European steelmaker ArcelorMittal said on Friday it will sell a 15-per cent stake in its iron ore mining and infrastructure assets in Quebec, Canada, to a consortium led by South Korea's Posco and China Steel Corp (CSC) for about $1.1 billion.
"The consortium has acquired an 11.05 per cent interest in the joint venture for a total consideration of $810 million in cash, with ArcelorMittal's wholly-owned subsidiary ArcelorMittal Mines Canada retaining an 88.95 per cent interest in the joint venture," ArcelorMittal said in a statement from its Luxemburg headquarters.
"As part of ArcelorMittal's strategy to build strategic relationships with key customers, the joint venture has also entered into long-term iron ore off-take agreements with Posco and CSC proportionate to the consortium's joint venture interests.
"The second installment of the investment by the consortium, which will increase the consortium's interest in the joint venture to 15 per cent, remains subject to various conditions and is expected to close in the second quarter of 2013," the statement said.
ArcelorMittal Mines is one of Canada's leading suppliers of iron ore to steel markets around the world, generating some 40 per cent of Canada's total production. As both a mining and primary processing company, it operates extensive facilities in Quebec.

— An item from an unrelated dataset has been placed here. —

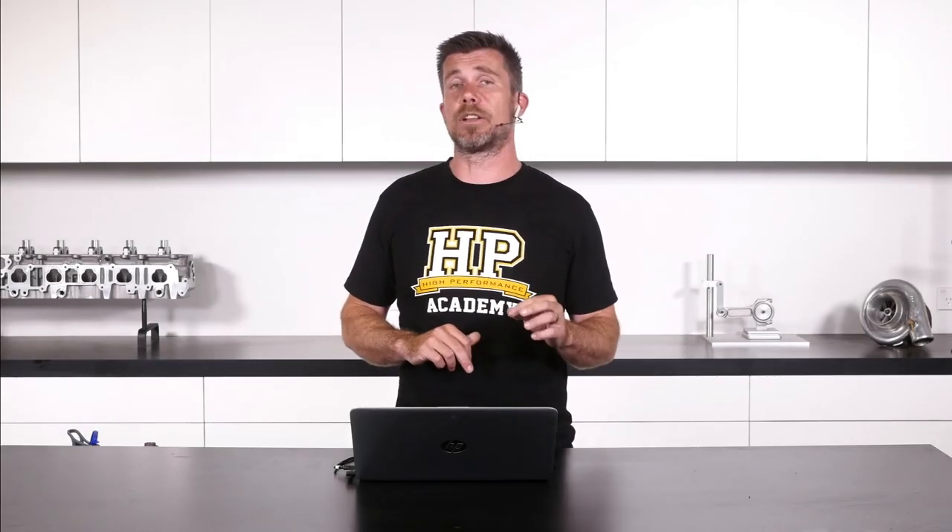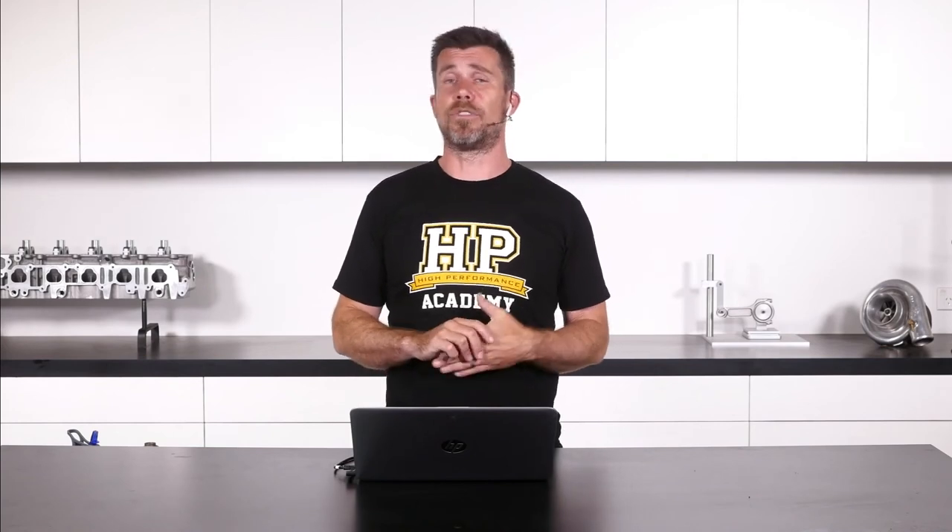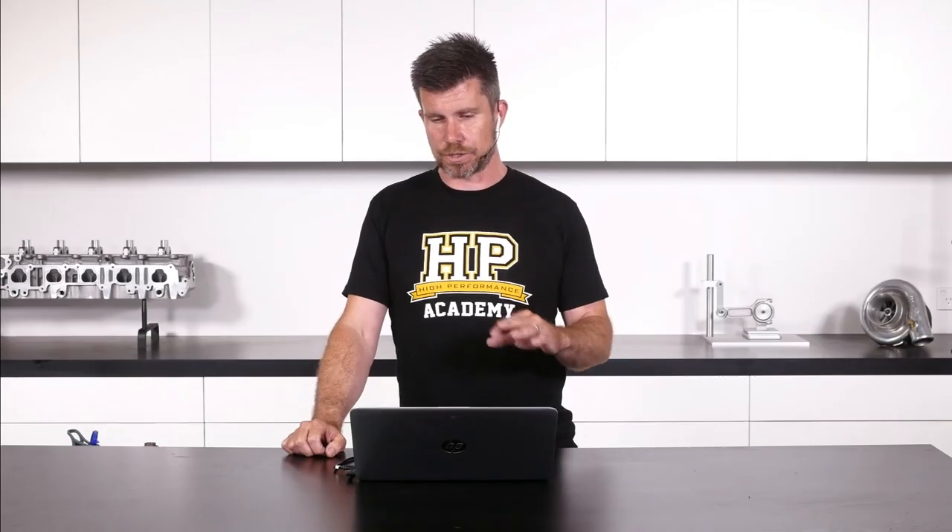Brian asks whether to share sensor ground between a data logger, ECU, and dash. The answer depends on how these devices communicate. If a standalone data logger receives information from the ECU via serial or CAN interface, ground offsets won't affect it — the data is sent as a digital stream, not an analogue voltage. Same applies to the dash. However, if you're sharing sensors between multiple units with analogue voltage outputs, it's important that the sensor zero-volt reference is at the same plane — in that case you'd want all sensor grounds connected together.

It operates two large open-pit mines, one in Mont-Wright, the largest in North America, and one in Fire Lake.
At Mont-Wright, the mining complex includes a concentrator, massive workshops and an automated concentrate train loading system. The site is linked by company rail to the Port-Cartier industrial complex, which comprises the pellet plant, storage areas and port facilities for shipping.
ArcelorMittal Mines Canada produces some 15 million tonnes of iron ore concentrate and over nine million tonnes of iron oxide pellets annually.

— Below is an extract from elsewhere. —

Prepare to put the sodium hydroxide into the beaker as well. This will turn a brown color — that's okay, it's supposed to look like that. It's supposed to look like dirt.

ArcelorMittal, the world's largest steelmaker, which has iron-ore projects in countries including Brazil, Guinea, Liberia, Russia and Senegal, produced nearly 51.4 metric tons of iron ore last year.
It recently expanded its iron ore business and has already secured about half its iron ore needs from its own iron ore mines and has plans to raise that share to 75-85 per cent by 2014.
But the company has now revised its iron ore plans due to a slowdown in the global economy and an overcapacity in the European steel industry.
ArcelorMittal, which is also burdened with a $22-billion debt, had said in July it that it would sell some non-core assets in order to reduce its huge debt burden.
Posco, South Korea's largest steelmaker, imports most of its iron ore needs, has invested around $2.6 billion last year on iron ore and coal, both key ingredients required in steel making.